If I create the mmap as read/write (for the 2nd process), I have no problem creating ctypes object as a "view" of the mmap object using from_buffer. From a cursory look at the c-code, it looks like this is a cast, not a copy, which is what I want. However, this breaks if I make the mmap ACCESS_READ, throwing an exception that from_buffer requires write privileges.
I think I want to use ctypes from_address() method instead, which doesn't appear to need write access. I'm probably missing something simple, but I'm not sure how to get the address of the location within an mmap. I know I can use ACCESS_COPY (so write operations show up in memory, but aren't persisted to disk), but I'd rather keep things read only.
Any suggestions?

I ran into a similar issue (unable to setup a readonly mmap) but I was using only the python mmap module. Python mmap 'Permission denied' on Linux
I'm not sure it is of any help to you since you don't want the mmap to be private?

Ok, from looking at the mmap .c code, I don't believe it supports this use case. Also, I found that the performance pretty much sucks - for my use case. I'd be curious what kind performance others see, but I found that it took about 40 sec to walk through a binary file of 500 MB in Python. This is creating a mmap, then turning the location into a ctype object with from_buffer(), and using the ctypes object to decipher the size of the object so I could step to the next object. I tried doing the same thing directly in c++ from msvc. Obviously here I could cast directly into an object of the correct type, and it was fast - less than a second (this is with a core 2 quad and ssd).
I did find that I could get a pointer with the following
firstHeader = CEL_HEADER.from_buffer(map, 0) #CEL_HEADER is a ctypes Structure
pHeader = pointer(firstHeader)
#Now I can use pHeader[ind] to get a CEL_HEADER object
#at an arbitrary point in the file
This doesn't get around the original problem - the mmap isn't read-only, since I still need to use from_buffer for the first call.

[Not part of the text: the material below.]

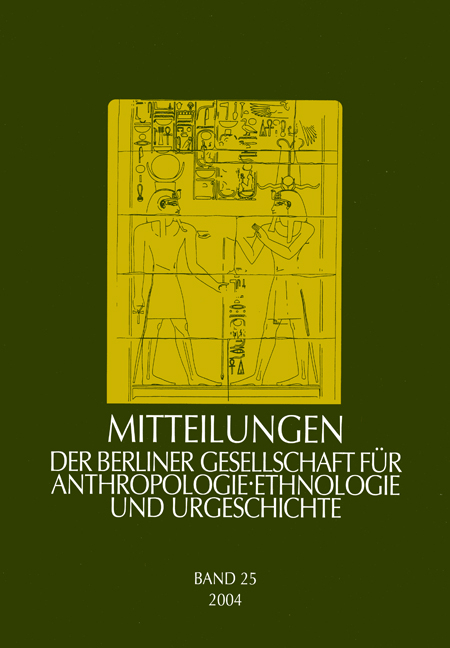 Mitteilungen der Berliner Gesellschaft für Anthropologie, Ethnologie und Urgeschichte -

In this config, it still took around 40 sec to process the whole file, so it looks like the conversion from a pointer into ctypes structs is killing the performance. That's just a guess, but I don't see a lot of value in tracking it down further.

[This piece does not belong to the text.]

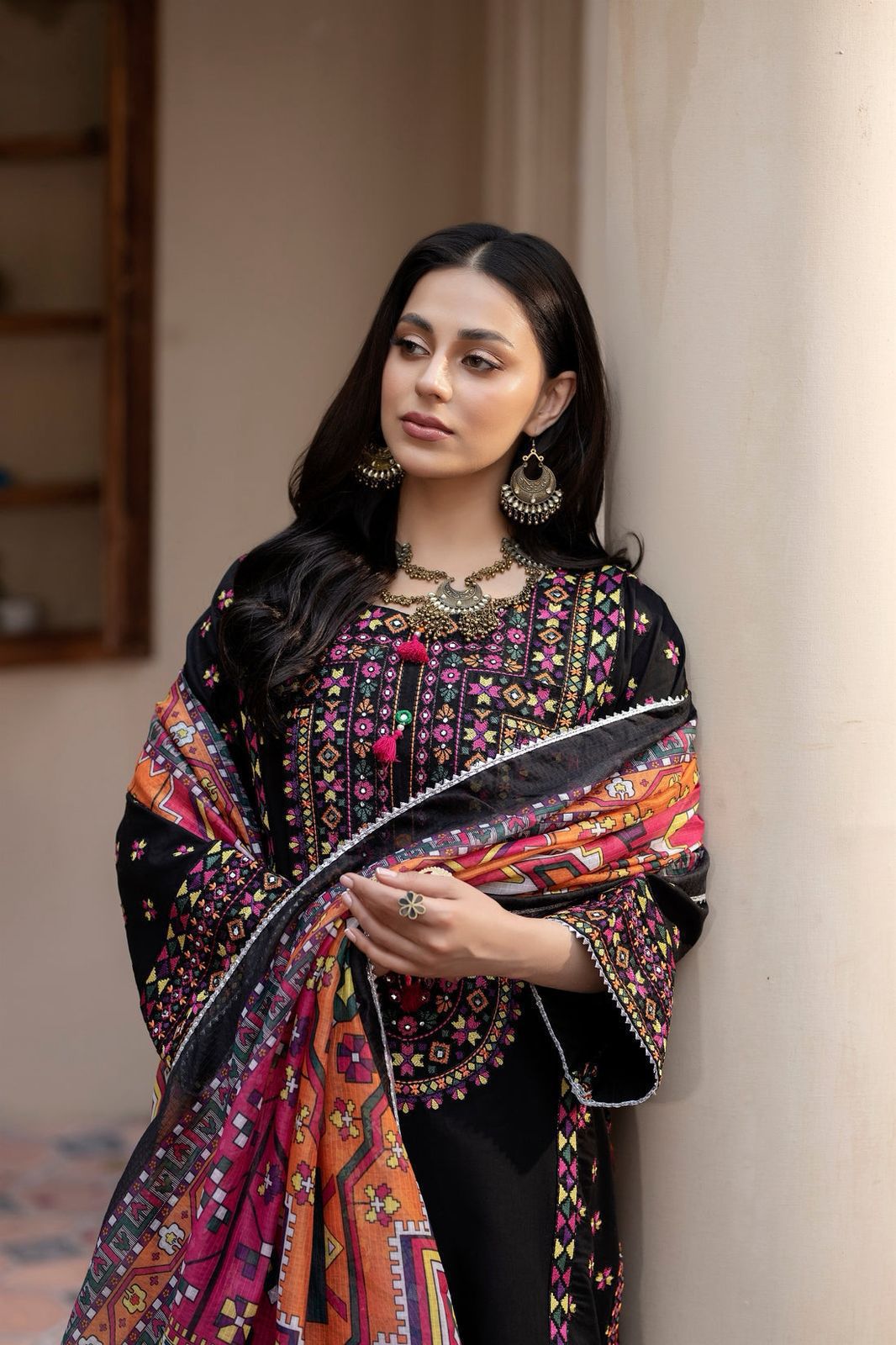 Luxury Lawn 3-Piece Unstitched Suit with Heavy Embroidery & Digital Printed Monark Dupatta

I'm not sure my plan will help anyone else, but I'm going to try to create a c module specific to my needs based on the mmap code. I think I can use the fast c-code handling to index the binary file, then expose only small parts of the file at a time through calls into ctypes/python objects. Wish me luck.
Also, as a side note, Python 2.7.2 was released today (6/12/11), and one of the changes is an update to the mmap code so that you can use a python long to set the file offset. This lets you use mmap for files over 4GB on 32-bit systems. See Issue #4681 here

Ran into this same problem, we needed the from_buffer interface and wanted read only access. From the python docs https://docs.python.org/3/library/mmap.html "Assignment to an ACCESS_COPY memory map affects memory but does not update the underlying file."
If it's acceptable for you to use an anonymous file backing you can use ACCESS_COPY
An example: open two cmd.exe or terminals and in one terminal:
mm_file_write = mmap.mmap(-1, 4096, access=mmap.ACCESS_WRITE, tagname="shmem")
mm_file_read = mmap.mmap(-1, 4096, access=mmap.ACCESS_COPY, tagname="shmem")
write = ctypes.c_int.from_buffer(mm_file_write)
read = ctypes.c_int.from_buffer(mm_file_read)
try:
while True:
value = int(input('enter an integer using mm_file_write: '))
write.value = value
print('updated value')
value = int(input('enter an integer using mm_file_read: '))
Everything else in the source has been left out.